Sarah Catherine Gilbert (April 1962) is a British vaccinologist, professor of vaccinology at the University of Oxford and co-founder of Vaccitech who specializes in the development of vaccines against influenza and emerging viral pathogens. Led the development and testing of the universal flu vaccine, which was the subject of clinical trials in 2011. She is one of the people working on a vaccine for COVID-19.
April 2, 1962
|Age||58 years old|
|Place of birth||United Kingdom|
|Education||University of East Anglia, University of Hull|
Sarah Gilbert was born on April 2, 1962 in the United Kingdom.
Sarah Gilbert studied at the Kettering Institute, where she realized that she wanted to work in medicine. She graduated in biological sciences from the University of East Anglia and completed her doctorate at the University of Hull, where she focused on biochemistry. After obtaining her doctorate, she worked as a postdoctoral researcher in the industry. She began her career at the Brewing Industry Research Foundation before moving to the Leicester Biocentre. She eventually joined Delta Biotechnology, a biopharmaceutical company that manufactures drugs in Nottingham.

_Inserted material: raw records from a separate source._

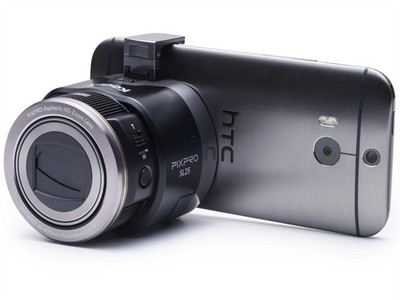 柯達SL25鏡頭式數碼相機 高像素與長焦的便攜之選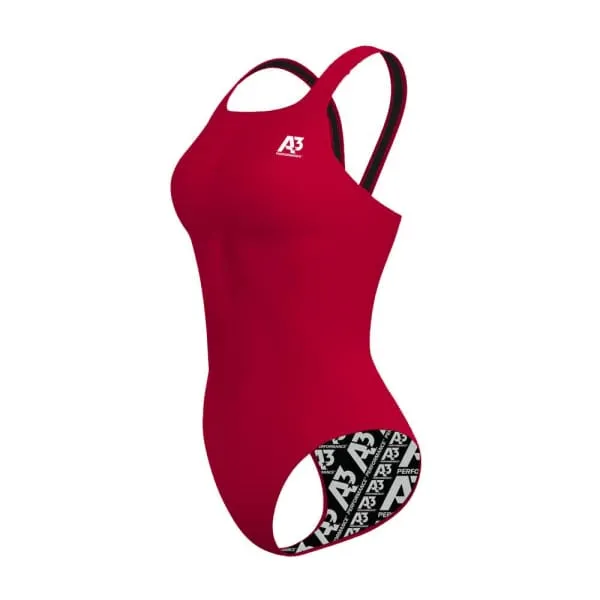 A3 Performance Female Sprintback Swimsuit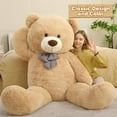 thumbnail image 4 of MaoGoLan Giant Teddy Bear 6ft Large Stuffed Animals Plush Toy Stuffed Bear Toys, 4 of 7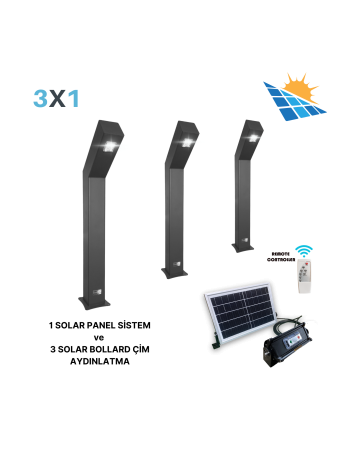 Y.A.126500 - Solar Energy Systems Set Products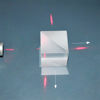 Picture of Beam Splitter Cube, Optical Glass Dichroic Prism Ratio 50:50 Spectrome Sicence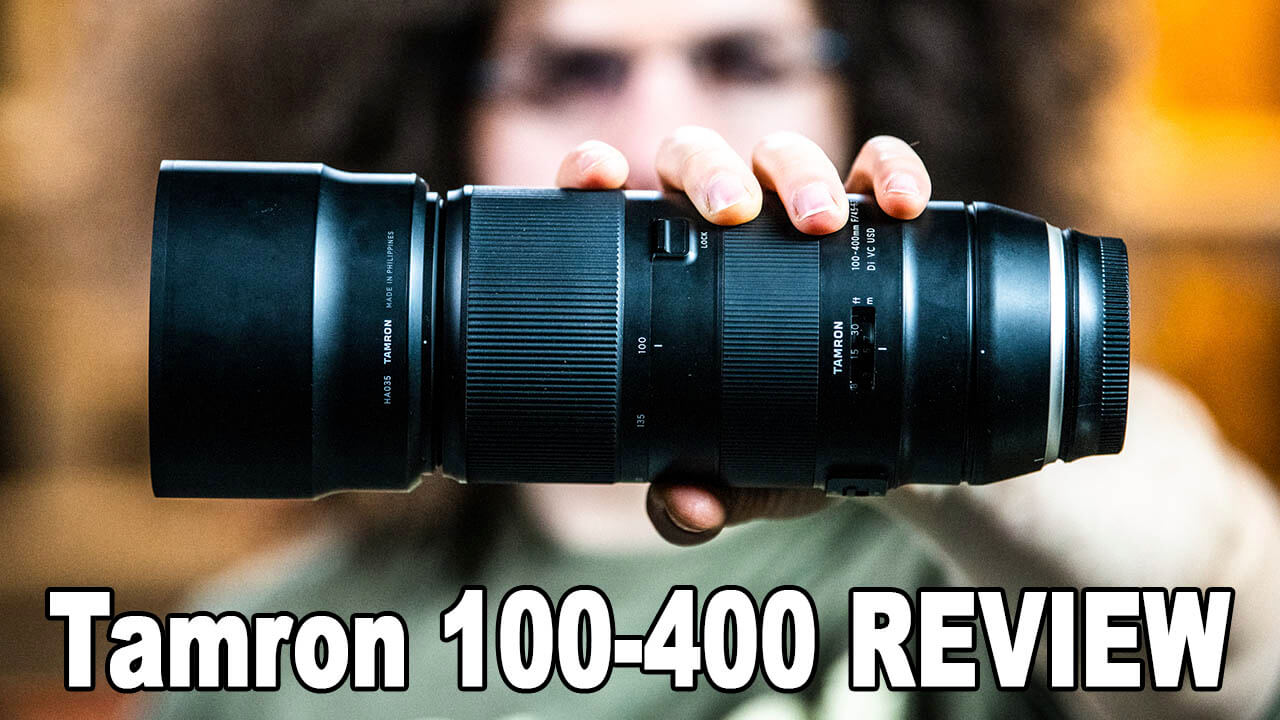 TAMRON 100-400 LENS REVIEW | GREAT for Sports, Wildlife, Nature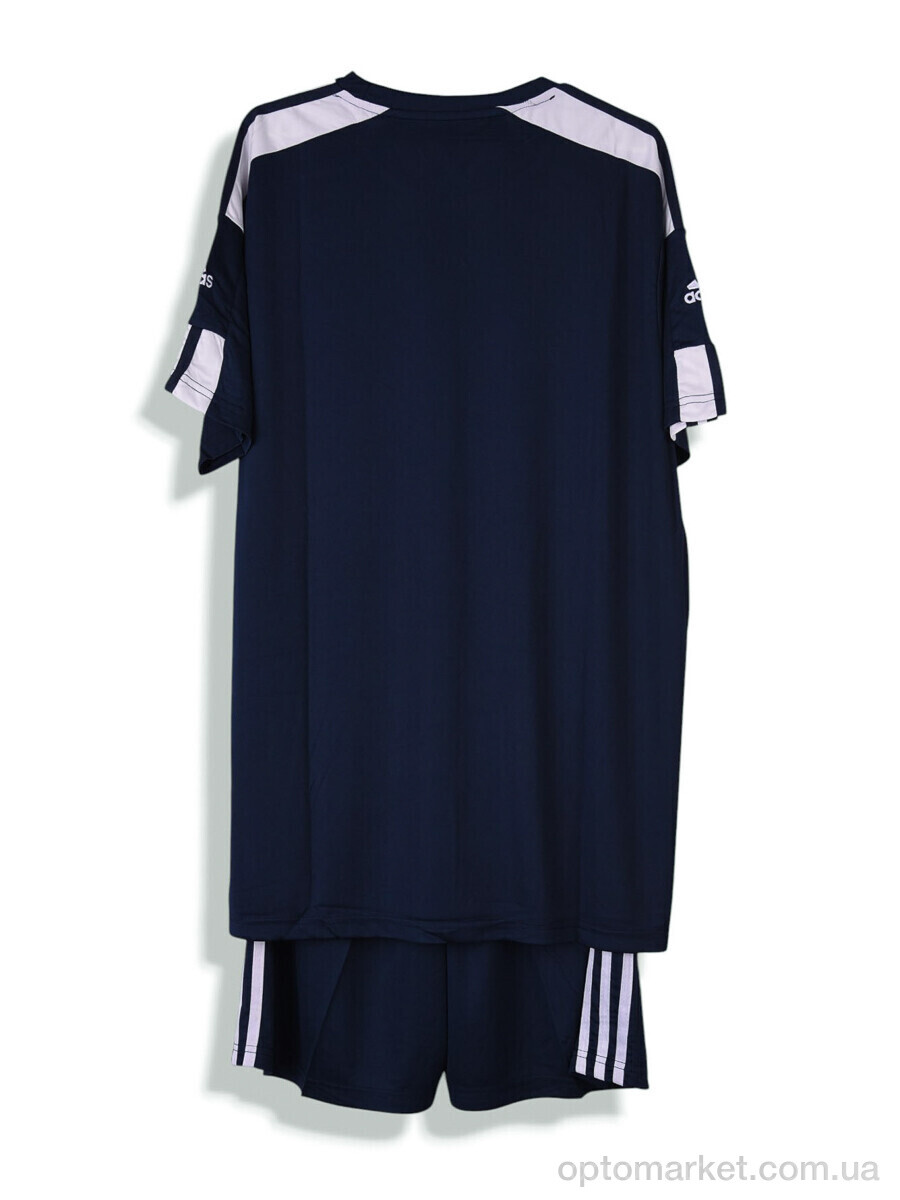 Купить Спортивний костюм чоловічі 723AD синій A.idas синій, фото 3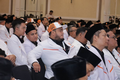 Suasana agenda Rakernas PKS Sesi kedua mendengarkan arahan dari Mahkamah Partai dan Dewan Syariah Pusat PKS, Senin, (10/11/2025)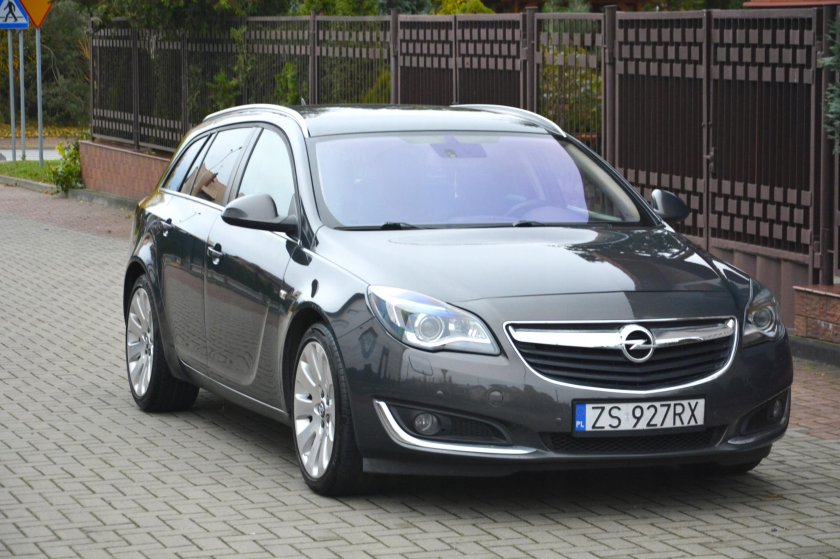 Opel insignia 2007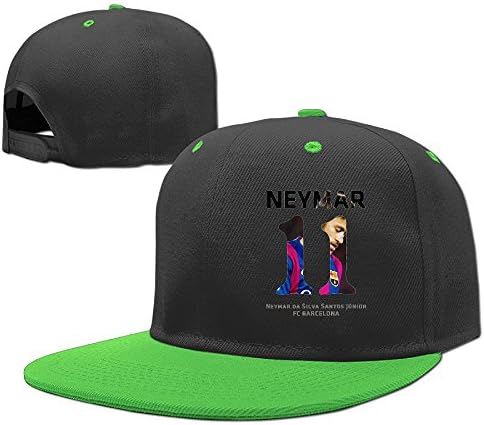Hoicp Kid's Brazil nogometni tim Neymar Podesivi Snapback Hip Hop Baseball Hat/Cap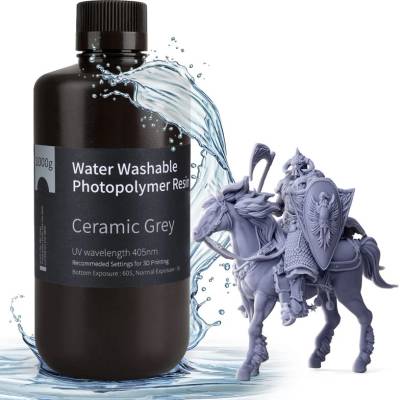 ELEGOO Water Washable Resin Ceramic Grey 1kg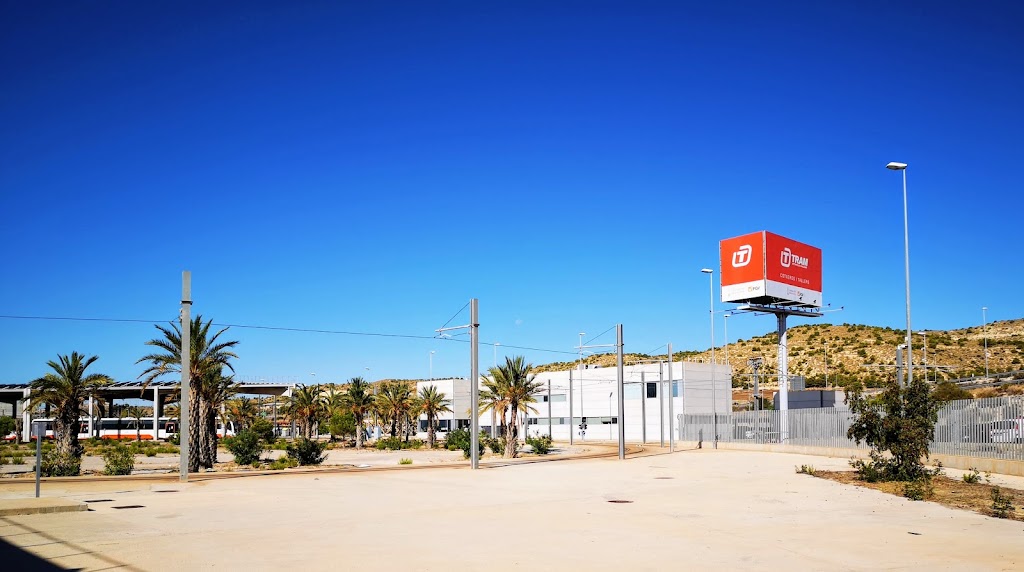 Talleres y cocheras - TRAM Alacant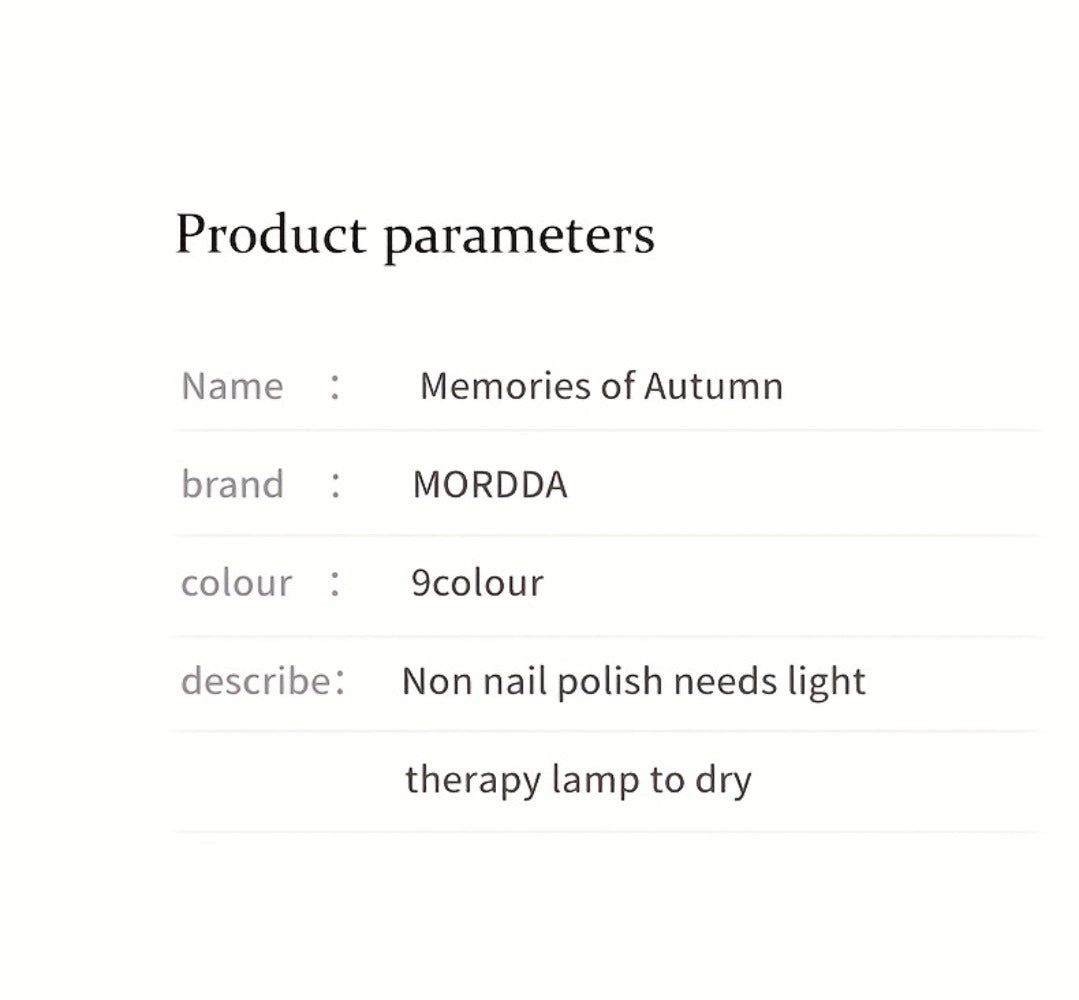 Gel Nail Polish Set 9 Colors Gradient Effect MORDDA High Saturation Glossy Long Lasting Soak Off UV LED Nail Art DIY Salon Quality Manicure Kit Women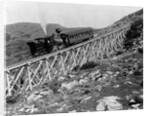 Railroad Climbing Mount Washington by Anonymous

Sarah Gilbert gave birth to triplets in 1998. His partner abandoned his career to be their primary care
In 1994, Sarah Gilbert returned to the University, joining the laboratory of Adrian VS Cerro. Their initial research examined host-parasite interactions in malaria. She was appointed lecturer in vaccinology at the University of Oxford in 2004. She was appointed professor at the Jenner Institute in 2010. With the support of the Wellcome Trust, Gilbert began working on the design and creation of new flu shots. In particular, his research focuses on the development and preclinical testing of viral vaccines, which incorporate a pathogenic protein into a safe virus. 8 9These viral vaccines induce a T-cell response, which can be used against viral diseases, malaria and cancer.
Universal influenza vaccine
Participated in the development and testing of the universal flu vaccine. Unlike conventional vaccines, the universal flu vaccine does not stimulate the production of antibodies, but activates the immune system to create flu-specific T cells. Uses one of the basic proteins (nucleoprotein and matrix protein 1) within influenzavirus A, not the external proteins that exist in the outer shell. As the immune system weakens with age, conventional vaccines are not effective for the elderly. The universal flu vaccine does not need to be reformatted every year and keeps people from needing a seasonal flu vaccine. Their first clinical trials in 2008 used the H3N2 influenza A virus subtype, monitoring patients’ symptoms daily. It was the first study to show that it was possible to stimulate T cells in response to an influenza virus and that this stimulation would protect people from influenza. Their research has shown that the adenovirus vector ChAdOx1 can be used in vaccines that protect against Middle East respiratory syndrome (MERS) in mice and capable of inducing an immune response against MERS in humans. The same vector was also used to create a vaccine against Nipah which was effective in hamsters (but never tested in humans), and a potential Valley Rift fever vaccine protecting sheep, goats and cattle (but not tested on the man).
Vaccine for COVID-19
Sarah Gilbert has been involved in the development of a new coronavirus vaccine since the start of the 2019-2020 coronavirus disease pandemic. Lidera is working on this vaccine with Andrew Pollard, Teresa Lambe, Sandy Douglas, Catherine and Adrian Cerro Verde. As with its previous work, the COVID-19 vaccine uses an adenoviral vector, which stimulates an immune response against the advanced protein of the coronavirus. Plans were announced to begin animal studies in March 2020, and recruitment of 510 human participants for a phase I / II trial began on March 27.
In April 2020, Gilbert said that his candidate vaccine could be available in September 2020, however, funding of more than £ 100 million by June is expected to be reached, having started with funding of more than £ 500,000 to date , 26 from sources such as the Coalition for Epidemic Preparedness Innovations. The vaccine track was launched on April 23 by Elisa Granato.